If your kernel was built between 2017 and the patch — which covers essentially every mainstream Linux distribution — you're in scope.
Copy Fail requires only an unprivileged local user account — no network access, no kernel debugging features, no pre-installed primitives. The kernel crypto API (AF_ALG) ships enabled in essentially every mainstream distro's default config, so the entire 2017 → patch window is in play out of the box.
Distributions we directly verified:
| Distribution | Kernel |
|---|---|
| Ubuntu 24.04 LTS | 6.17.0-1007-aws |
| Amazon Linux 2023 | 6.18.8-9.213.amzn2023 |
| RHEL 14.3 | 6.12.0-124.45.1.el10_1 |
| SUSE 16 | 6.12.0-160000.9-default |
These are what we tested directly. Other distributions running affected kernels — Debian, Arch, Fedora, Rocky, Alma, Oracle, the embedded crowd — behave the same. Tested it elsewhere? Open an issue to add to the list.
Should you patch first?
High
Multi-tenant Linux hosts
Shared dev boxes, shell-as-a-service, jump hosts, build servers — anywhere multiple users share a kernel.
any user becomes root
High
Kubernetes / container clusters
The page cache is shared across the host. A pod with the right primitives compromises the node and crosses tenant boundaries.
cross-container, cross-tenant
High
CI runners & build farms
GitHub Actions self-hosted runners, GitLab runners, Jenkins agents — anything that executes untrusted PR code as a regular user, on a shared kernel.
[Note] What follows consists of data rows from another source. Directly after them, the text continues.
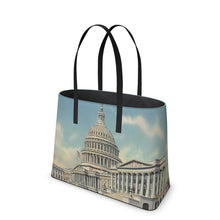 将图片加载到图库查看器,Washington DC Murkowski Senatorial Campaigner Tote Bag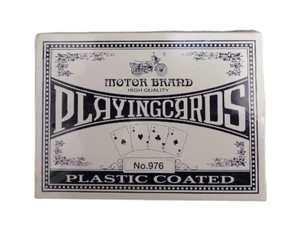 Playingcards Motor Brand high quality - Picture 1 of 2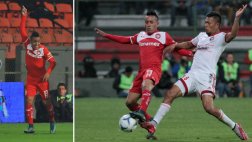 Christian Cueva anotó golazo para Toluca en la Liga MX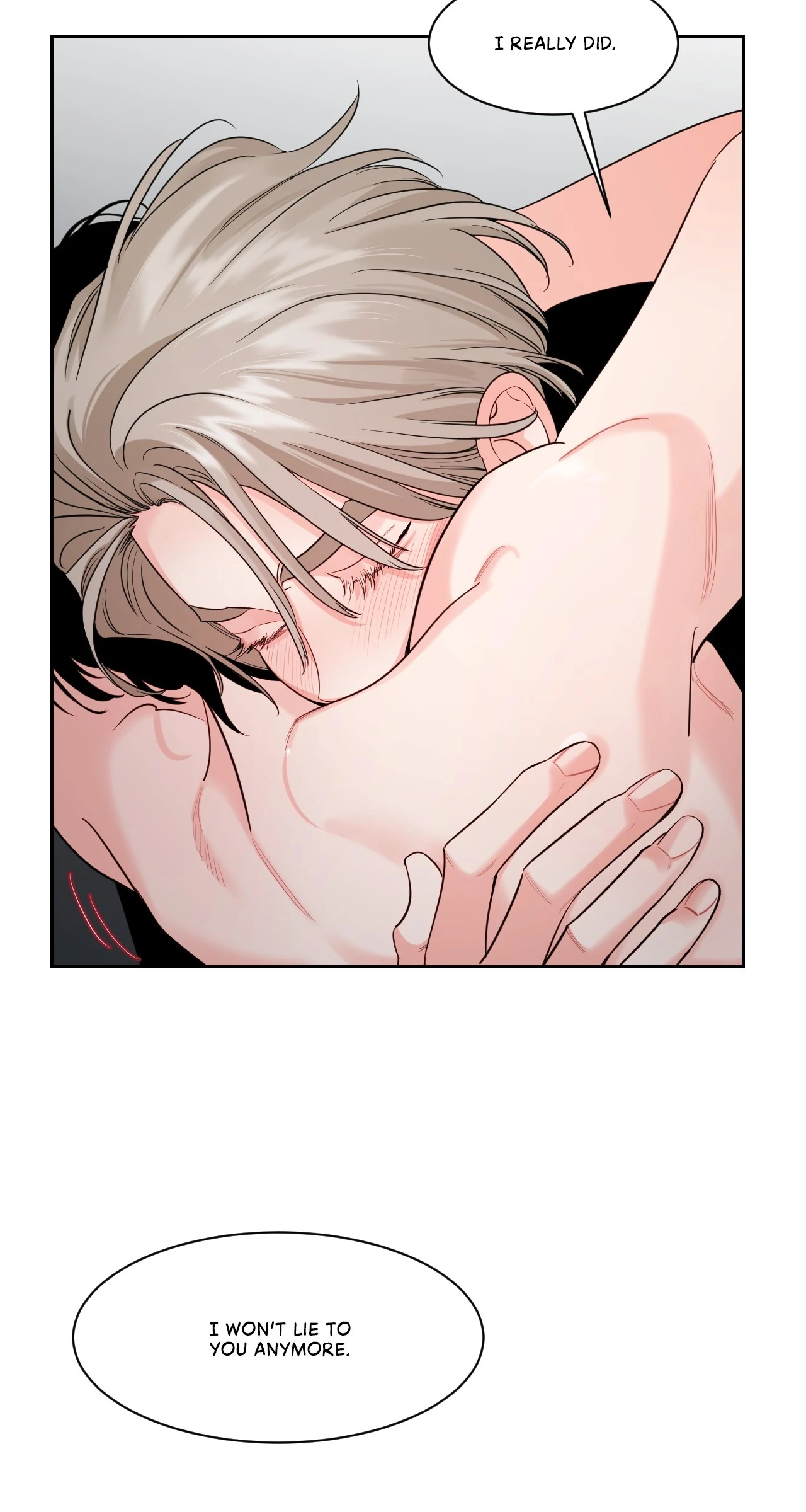 Within My Shadow 〘Official〙 - Chapter 38 manhwa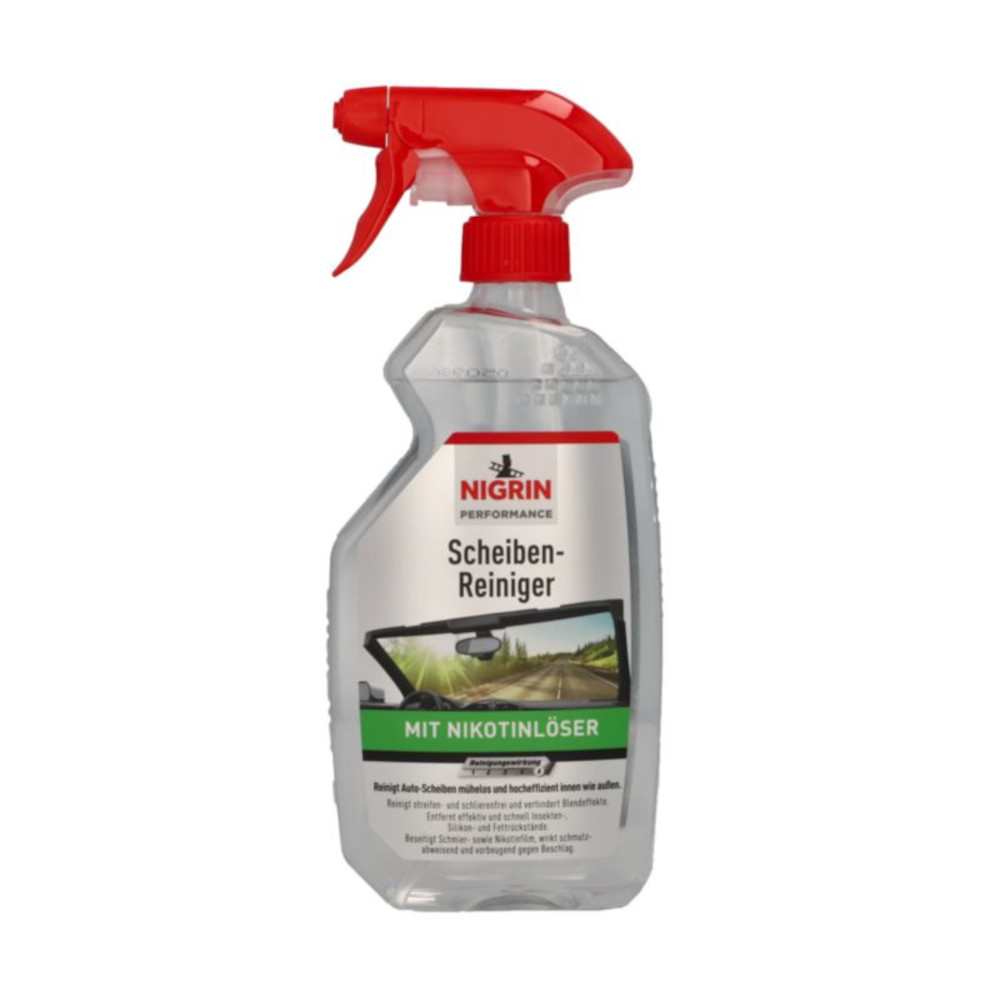 NIGRIN PERFORMANCE Scheiben-Reiniger 500ml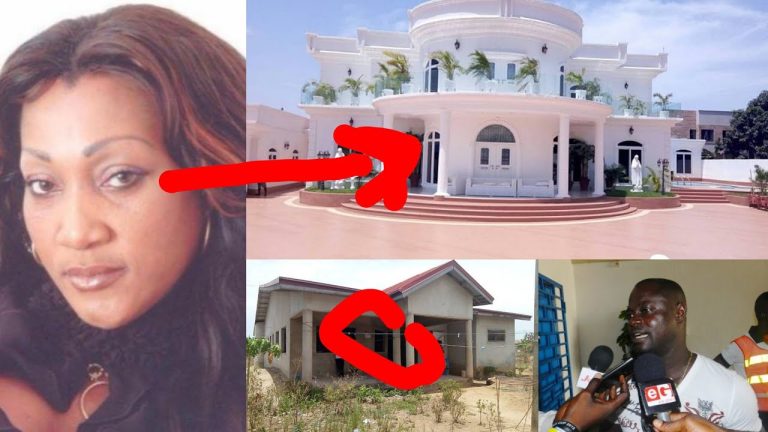 Odartey Lamptey wins back his luxurious East Legon mansion from his ex-wife after nine years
a PR becomes root on the runner
High
Cloud SaaS running user code
Notebook hosts, agent sandboxes, serverless functions, any tenant-supplied container or script.
tenant becomes host root
Medium
Standard Linux servers
Single-tenant production where only your team has shell access.
internal LPE; chains with web RCE or stolen creds
Lower
Single-user laptops & workstations
You're already the only user. The bug doesn't grant remote attackers access by itself, but any local code execution becomes root.